Collected material:

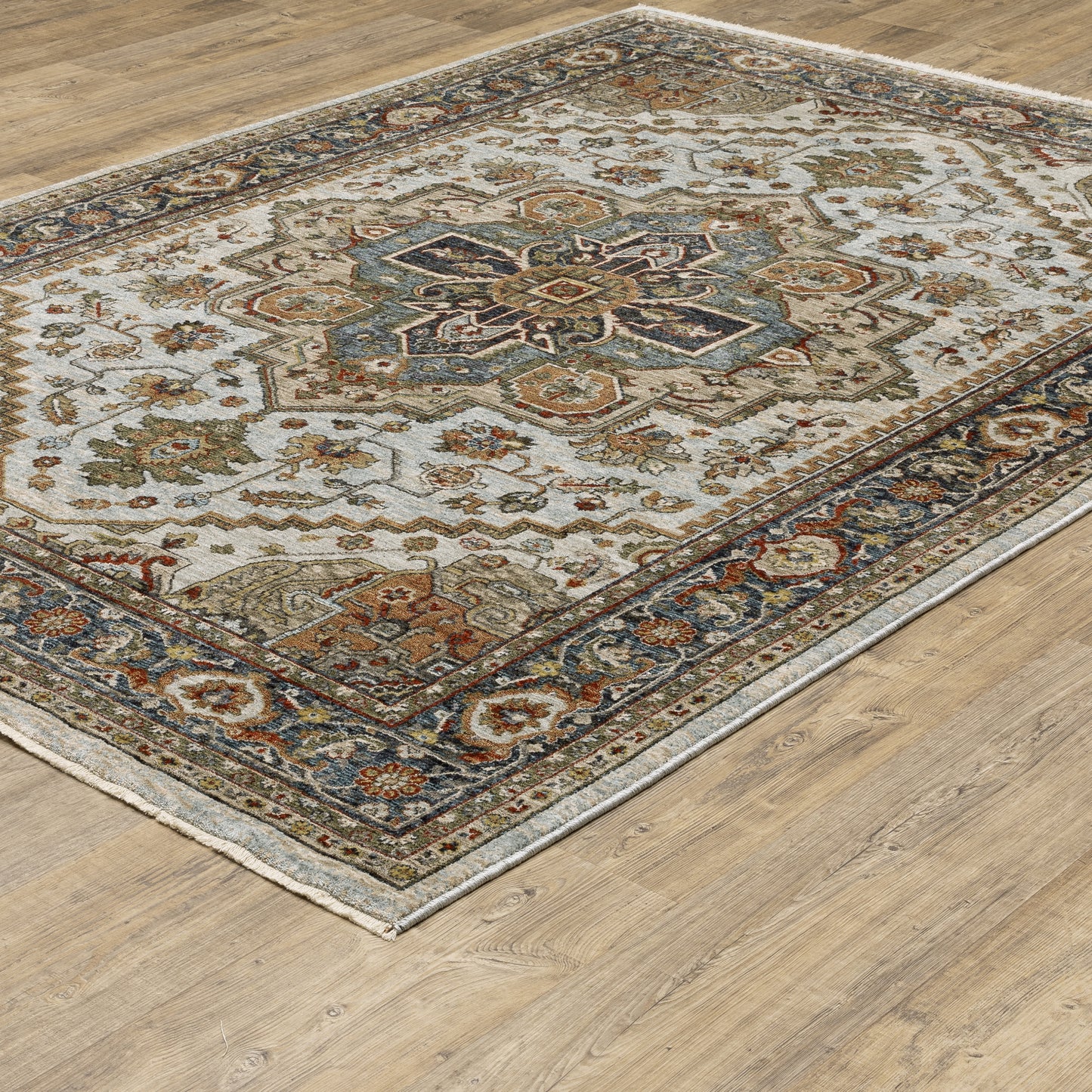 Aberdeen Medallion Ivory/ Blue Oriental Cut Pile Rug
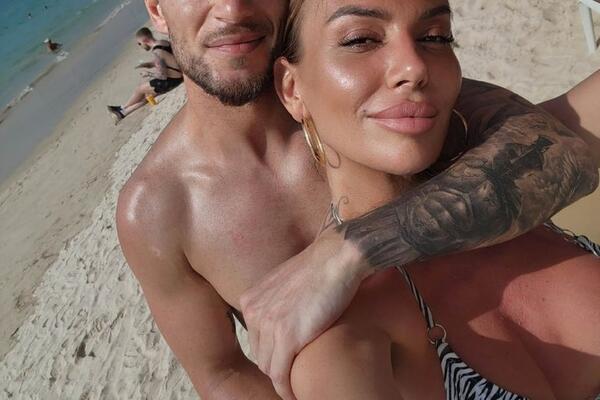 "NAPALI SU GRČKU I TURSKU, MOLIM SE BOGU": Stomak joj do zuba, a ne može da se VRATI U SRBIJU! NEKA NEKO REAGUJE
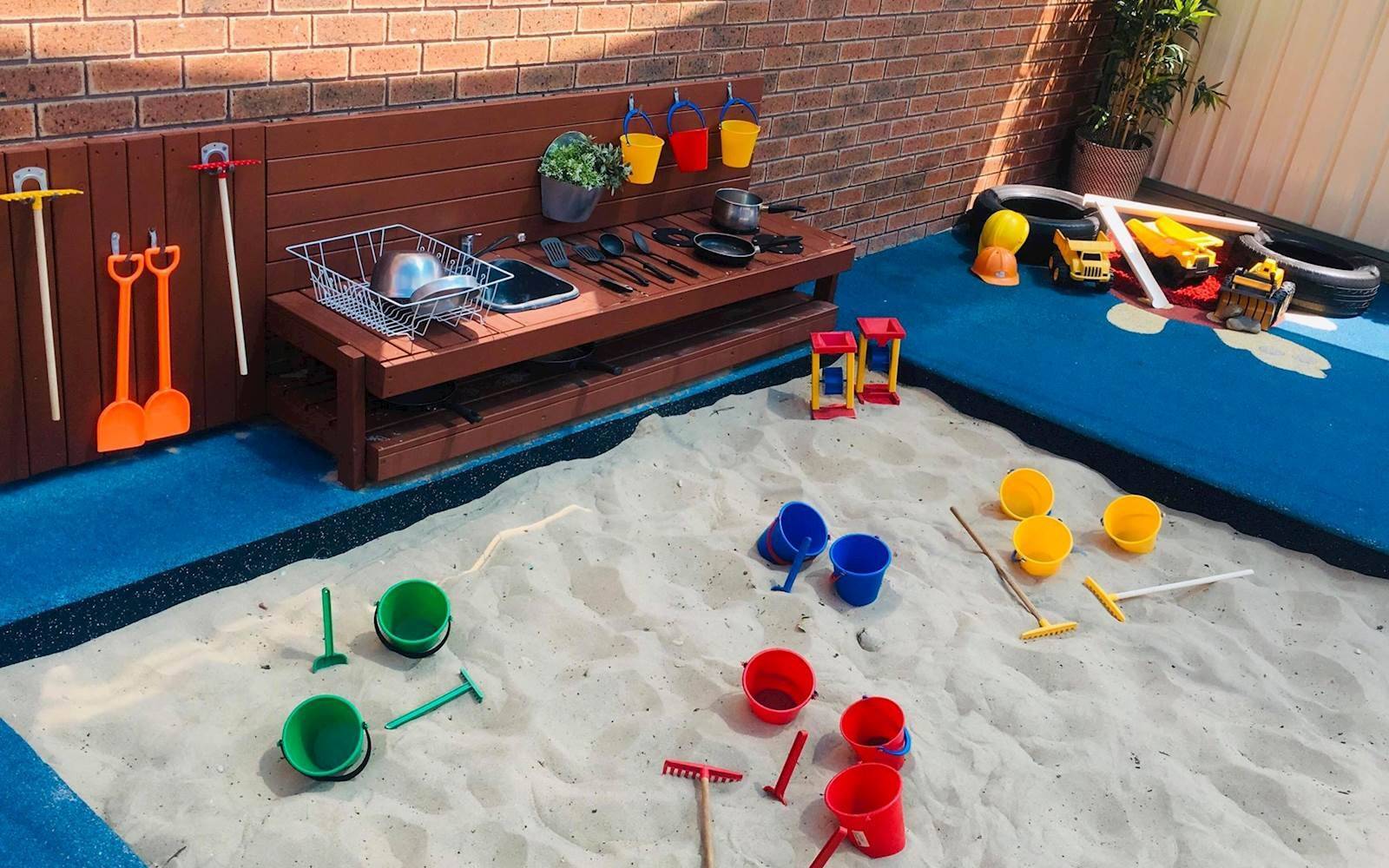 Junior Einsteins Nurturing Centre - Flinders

Problem:
Pictures are to be omitted; otherwise, write out the data exactly as it appears.

Solution below:
 Aberdeen Medallion Ivory/ Blue Oriental Cut Pile Rug
 "NAPALI SU GRČKU I TURSKU, MOLIM SE BOGU": Stomak joj do zuba, a ne može da se VRATI U SRBIJU! NEKA NEKO REAGUJE
 Junior Einsteins Nurturing Centre - Flinders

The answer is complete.